Rights for Robots

When considering whether robots might one day have rights, it’s relevant to ask not just what those rights will mean for them but what they will mean for us.
“Do we want to prohibit people from doing certain things to robots not because we want to protect the robot, but because of what violence to the robot does to us as human beings?" asks Northeastern University professor Woodrow Hartzog. If we treat human-like robots as things, might we increasingly see people like objects?
One of the key conflicts between AI and humans today, though, is the idea that robots will “take our jobs”. However, all too often, we’re looking at this from the wrong perspective.
“When robots replace jobs in an office, people are expecting there to be a robot called Fred, and Fred is going to be replacing so-and-so, but it’s not like that,” says Lydia Gregory, Co-Founder at FeedForward AI.

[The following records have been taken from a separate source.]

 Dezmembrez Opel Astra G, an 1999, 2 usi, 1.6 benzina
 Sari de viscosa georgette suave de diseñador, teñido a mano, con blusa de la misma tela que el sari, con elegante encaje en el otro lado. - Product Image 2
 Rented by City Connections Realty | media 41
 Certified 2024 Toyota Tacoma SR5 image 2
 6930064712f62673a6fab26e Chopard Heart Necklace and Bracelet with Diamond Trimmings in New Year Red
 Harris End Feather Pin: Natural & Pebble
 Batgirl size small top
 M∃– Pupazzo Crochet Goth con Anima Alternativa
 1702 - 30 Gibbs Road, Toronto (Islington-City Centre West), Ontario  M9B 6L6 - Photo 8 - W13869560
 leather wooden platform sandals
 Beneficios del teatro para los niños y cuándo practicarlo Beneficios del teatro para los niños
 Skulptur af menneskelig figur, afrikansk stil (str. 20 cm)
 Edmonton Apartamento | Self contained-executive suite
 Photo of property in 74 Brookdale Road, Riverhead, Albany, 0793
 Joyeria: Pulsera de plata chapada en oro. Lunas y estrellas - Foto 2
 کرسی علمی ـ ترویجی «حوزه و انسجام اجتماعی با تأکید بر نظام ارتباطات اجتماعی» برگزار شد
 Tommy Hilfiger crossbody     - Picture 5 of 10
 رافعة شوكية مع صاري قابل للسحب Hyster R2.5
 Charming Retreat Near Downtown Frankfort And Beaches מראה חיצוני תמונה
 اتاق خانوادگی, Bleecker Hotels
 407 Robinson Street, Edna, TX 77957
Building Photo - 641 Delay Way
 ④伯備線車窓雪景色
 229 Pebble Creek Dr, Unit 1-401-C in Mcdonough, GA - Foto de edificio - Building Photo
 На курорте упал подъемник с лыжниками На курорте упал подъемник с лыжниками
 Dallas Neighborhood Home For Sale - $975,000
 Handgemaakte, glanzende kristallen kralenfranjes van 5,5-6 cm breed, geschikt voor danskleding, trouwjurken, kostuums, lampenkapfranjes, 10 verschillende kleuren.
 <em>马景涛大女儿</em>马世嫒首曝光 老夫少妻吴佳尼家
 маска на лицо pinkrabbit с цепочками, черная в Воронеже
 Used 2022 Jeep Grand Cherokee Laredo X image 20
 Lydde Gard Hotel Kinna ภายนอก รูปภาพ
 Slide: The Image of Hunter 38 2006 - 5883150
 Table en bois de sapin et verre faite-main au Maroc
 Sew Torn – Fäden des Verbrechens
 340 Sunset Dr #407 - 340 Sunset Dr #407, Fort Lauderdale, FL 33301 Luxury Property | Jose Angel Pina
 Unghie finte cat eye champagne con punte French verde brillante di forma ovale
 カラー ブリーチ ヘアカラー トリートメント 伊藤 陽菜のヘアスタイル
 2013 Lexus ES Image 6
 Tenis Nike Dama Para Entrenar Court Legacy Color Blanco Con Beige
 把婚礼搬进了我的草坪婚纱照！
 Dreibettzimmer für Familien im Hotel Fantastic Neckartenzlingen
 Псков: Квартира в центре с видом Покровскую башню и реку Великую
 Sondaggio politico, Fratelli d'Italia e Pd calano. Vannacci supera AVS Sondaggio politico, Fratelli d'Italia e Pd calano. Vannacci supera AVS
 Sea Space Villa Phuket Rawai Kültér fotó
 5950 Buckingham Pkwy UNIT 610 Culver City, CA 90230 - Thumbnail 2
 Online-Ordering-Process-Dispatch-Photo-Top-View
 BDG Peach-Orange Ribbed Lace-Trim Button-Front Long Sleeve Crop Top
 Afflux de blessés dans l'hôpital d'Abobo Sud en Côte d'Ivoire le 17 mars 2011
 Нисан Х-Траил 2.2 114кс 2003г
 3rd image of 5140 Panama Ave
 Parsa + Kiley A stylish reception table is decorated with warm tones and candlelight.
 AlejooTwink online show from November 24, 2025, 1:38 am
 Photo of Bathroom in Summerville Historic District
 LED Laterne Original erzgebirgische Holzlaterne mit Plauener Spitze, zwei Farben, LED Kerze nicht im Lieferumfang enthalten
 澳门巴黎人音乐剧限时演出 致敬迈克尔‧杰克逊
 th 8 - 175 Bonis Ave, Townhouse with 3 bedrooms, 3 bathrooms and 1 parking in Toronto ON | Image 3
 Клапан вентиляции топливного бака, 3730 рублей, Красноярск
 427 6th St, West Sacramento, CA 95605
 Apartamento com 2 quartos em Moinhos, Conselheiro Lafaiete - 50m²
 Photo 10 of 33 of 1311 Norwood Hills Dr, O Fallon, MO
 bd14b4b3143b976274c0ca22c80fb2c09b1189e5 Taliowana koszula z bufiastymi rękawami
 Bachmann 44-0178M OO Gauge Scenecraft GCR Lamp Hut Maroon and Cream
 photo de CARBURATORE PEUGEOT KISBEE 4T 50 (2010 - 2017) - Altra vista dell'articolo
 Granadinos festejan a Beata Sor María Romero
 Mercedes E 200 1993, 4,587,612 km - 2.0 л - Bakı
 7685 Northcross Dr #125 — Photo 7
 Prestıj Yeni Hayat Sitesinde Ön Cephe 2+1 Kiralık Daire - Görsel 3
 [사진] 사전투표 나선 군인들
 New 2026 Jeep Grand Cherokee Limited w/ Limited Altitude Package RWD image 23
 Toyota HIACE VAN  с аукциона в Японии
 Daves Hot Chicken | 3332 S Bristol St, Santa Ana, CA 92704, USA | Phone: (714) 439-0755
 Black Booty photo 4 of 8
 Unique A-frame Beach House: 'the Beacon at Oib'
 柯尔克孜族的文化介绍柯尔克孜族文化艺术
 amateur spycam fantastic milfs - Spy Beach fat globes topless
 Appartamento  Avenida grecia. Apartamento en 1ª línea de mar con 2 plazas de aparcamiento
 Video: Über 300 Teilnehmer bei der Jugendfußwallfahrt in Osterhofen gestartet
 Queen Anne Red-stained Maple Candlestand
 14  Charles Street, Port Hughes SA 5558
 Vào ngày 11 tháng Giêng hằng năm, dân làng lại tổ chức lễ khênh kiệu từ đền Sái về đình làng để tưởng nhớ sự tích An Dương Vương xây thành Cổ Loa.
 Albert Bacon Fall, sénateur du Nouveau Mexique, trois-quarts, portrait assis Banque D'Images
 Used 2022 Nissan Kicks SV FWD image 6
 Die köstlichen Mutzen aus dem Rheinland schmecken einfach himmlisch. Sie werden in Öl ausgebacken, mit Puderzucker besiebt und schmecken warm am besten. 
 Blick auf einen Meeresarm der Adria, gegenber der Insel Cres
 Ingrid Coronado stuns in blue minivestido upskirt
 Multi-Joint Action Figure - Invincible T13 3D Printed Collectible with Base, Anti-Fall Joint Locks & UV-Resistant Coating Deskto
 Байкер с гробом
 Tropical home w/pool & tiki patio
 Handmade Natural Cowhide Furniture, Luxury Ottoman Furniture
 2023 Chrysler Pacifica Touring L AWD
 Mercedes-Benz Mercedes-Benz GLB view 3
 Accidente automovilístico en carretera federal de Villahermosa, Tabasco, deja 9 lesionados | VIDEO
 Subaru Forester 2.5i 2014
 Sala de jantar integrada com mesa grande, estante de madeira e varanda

“It’s software and the software is not going to be an entity that you can define as a robot, most of the time. It’s hard to define it as one robot that will take the job of one human or one robot that will take the job of ten humans,” she says. “It’s software that will do things that mean a certain number of humans are not required for that particular job.”
What’s more, while there is scope for automating tasks that are highly ordered and repetitive, AI tools will more often augment the abilities of humans rather than replacing them (think Garry Kasparov playing chess with AI assistance following his defeat by Deep Blue).
Where AI does work autonomously, it remains desirable for humans to have oversight of precisely what it does and why.
For example, it was recently revealed that Amazon had attempted to automate its hiring processes with a machine learning algorithm – but the weighting of the system’s training data meant that it actively discriminated against female applicants.
In another case, it was reported that an algorithm used in US courts to assist sentencing based on the likelihood of reoffending demonstrated racial bias. Findings suggested that black defendants were predicted to have a higher incidence of recidivism than was actually the case – and that the opposite was true when it came to white defendants.
This is perhaps the key ethical dilemma for AI today – how far can algorithms be trusted to operate without human interaction? And how far should humans trust their output? There’s then the question of what interacting with simulations of life will do to us.
Mark Goldfeder, a law professor and rabbi, had the following advice. “[If I see something that for all intents and purposes looks human], I cannot start poking it to see if it bleeds,” he wrote. “I have a responsibility to treat all that seem human as humans, and it is better to err on the side of caution from an ethical perspective.”
In the meantime, we might do well to be polite to Alexa (regardless of Roko's basilisk).